The fundamental notion that lay at the heart of the economic Quiet Revolution in Quebec was that central state planning, management and control would pay off in effective delivery of vital services at affordable prices to privileged and vulnerable alike and give society an appropriate return as well. This actually succeeded, in large part, in two and possibly three sectors that are keys to Quebec’s future: hydro power, finance and (to a lesser degree) education. We followed, somewhat, the model of America’s Alexander Hamilton, who, knowing full well the benefits of free trade and private markets, nonetheless advocated a protective tariff for domestic industry, a home-grown big banking system and strong guarantees for full payment of public debt. He thereby protected the infant America from becoming –despite its battlefield victory -- an economic vassal to older, richer, England. The English would otherwise have been the default supplier of manufactured goods, and managing banker for nation-building public and private projects.

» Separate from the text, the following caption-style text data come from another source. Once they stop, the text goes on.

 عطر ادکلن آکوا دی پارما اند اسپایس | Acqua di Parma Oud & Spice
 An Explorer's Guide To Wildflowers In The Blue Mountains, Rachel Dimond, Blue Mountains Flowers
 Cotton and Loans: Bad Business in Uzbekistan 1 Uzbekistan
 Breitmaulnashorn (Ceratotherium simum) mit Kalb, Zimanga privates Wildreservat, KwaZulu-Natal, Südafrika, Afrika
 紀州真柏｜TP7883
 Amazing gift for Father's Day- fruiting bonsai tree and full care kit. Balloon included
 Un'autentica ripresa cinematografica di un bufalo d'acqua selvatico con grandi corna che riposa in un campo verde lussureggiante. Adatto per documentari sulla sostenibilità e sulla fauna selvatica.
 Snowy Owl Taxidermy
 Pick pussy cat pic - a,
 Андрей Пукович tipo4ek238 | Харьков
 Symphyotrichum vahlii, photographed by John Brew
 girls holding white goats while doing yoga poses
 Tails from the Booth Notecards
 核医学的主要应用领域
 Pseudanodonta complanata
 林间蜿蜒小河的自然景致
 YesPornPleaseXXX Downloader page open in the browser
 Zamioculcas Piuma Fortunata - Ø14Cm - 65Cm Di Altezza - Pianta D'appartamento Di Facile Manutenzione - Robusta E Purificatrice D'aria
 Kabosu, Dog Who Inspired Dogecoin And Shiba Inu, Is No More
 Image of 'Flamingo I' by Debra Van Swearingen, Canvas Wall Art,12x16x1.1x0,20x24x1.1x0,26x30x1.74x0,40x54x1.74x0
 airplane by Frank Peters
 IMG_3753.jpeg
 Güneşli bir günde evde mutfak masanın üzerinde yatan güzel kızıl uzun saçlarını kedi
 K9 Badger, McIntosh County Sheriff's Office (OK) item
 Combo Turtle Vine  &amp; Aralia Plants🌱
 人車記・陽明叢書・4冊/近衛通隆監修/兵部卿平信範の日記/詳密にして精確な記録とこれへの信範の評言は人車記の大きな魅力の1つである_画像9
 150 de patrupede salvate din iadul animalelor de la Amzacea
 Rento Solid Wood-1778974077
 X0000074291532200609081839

America’s wisdom was to set its markets free from government “protection” once the country grew to economic adulthood. Quebec’s aims were not dissimilar. Local economic independence required, so the Quiet Revolutionaries believed, a strong domestic economic base. We have it. We amalgamated electricity producers into a single unit, and, in order to finance social pensions, we created the multi-billion dollar Caisse Depot, an investment bank with a reasonable record of market-based success. We modernized our middle-level education system, placing what the rest of the world knows as a junior college between high school and University. We can build on the past if we are wise enough to change direction (as Post-Hamilton America did), focus on the export potential of these innovations, and give our now- grown-up economic institutions back to their true owners, the individual taxpayers of Quebec.
Not so much because the Quiet Revolution’s planners foresaw it, but because of American economic growth and the shortage of secure, moderately-priced energy supplies, our exported Hydro power and other fundamental commodities go to an international seller’s market, capable of absorbing all we can give it and much more. Many sellers of basic goods – food is an example – have good, guaranteed markets, but alas for them, to sell more the price must fall so far that total earnings actually decline. So a seller of 100 dozen eggs might get two dollars a dozen, for total revenue of $200. But to sell 110 dozen, the price must fall to $1.75 per dozen, a gross revenue of just $192.50. And the extra cost of producing another 10 dozen is not yet factored in. However, our Hydo exports do not suffer this problem. We can sell into a rising or, at worst, constant price market, never fearing our extra sales will significantly reduce price or total revenue. So Hydro can and should grow much bigger and serve an international market. Our finances are already internationalized, but could be more so. We borrow (unfortunately, far too much – another topic) from the rest of the world, and we invest outside Quebec’s borders (not enough), since our seven-million person market does not offer enough diversity to protect the asset values needed to guarantee the future of our social programs or our private investment targets.
Education is, more than ever, an exportable product we can sell, if anything, at higher prices than now charged. The McGill campus is as international as is the UN’s Council Chamber. Despite, not because of, government intervention in governing and financing education, Quebec’s schools do a fine job of teaching our students’. Our Junior Colleges (and for sales maximization, let’s call them that) could grow and prosper if they were to serve an international market. Americans, in particular, are at wit’s end trying to get their kids to learn enough to compete in tomorrow’s brain market. Their middle-level education system does not serve them well – ours could be their salvation.
So the next step in Quebec’s economic revolution is to immerse these three sectors into the world market. To acquire enough capital, and to lift the dead hand of government management, they could be privatized, by giving normal ownership stock market shares – in Hydro and the Caisse particularly -- to every Quebec taxpaying household. Those entities are ours; built with our money, and grown to economic adulthood at citizen cost. There is no reason why we should not directly own and control them. The shares could be held, or sold, or inherited, just as with any stock share. Private Director’s boards would form, and direct events, just as with ordinary firms. Growth, profits and export sales would be the goals. Needed build-up money capital would accumulate naturally, given the profit potentials.
Quebec’s past has given us the opportunity to create an individualist future. It would be a new quiet revolution.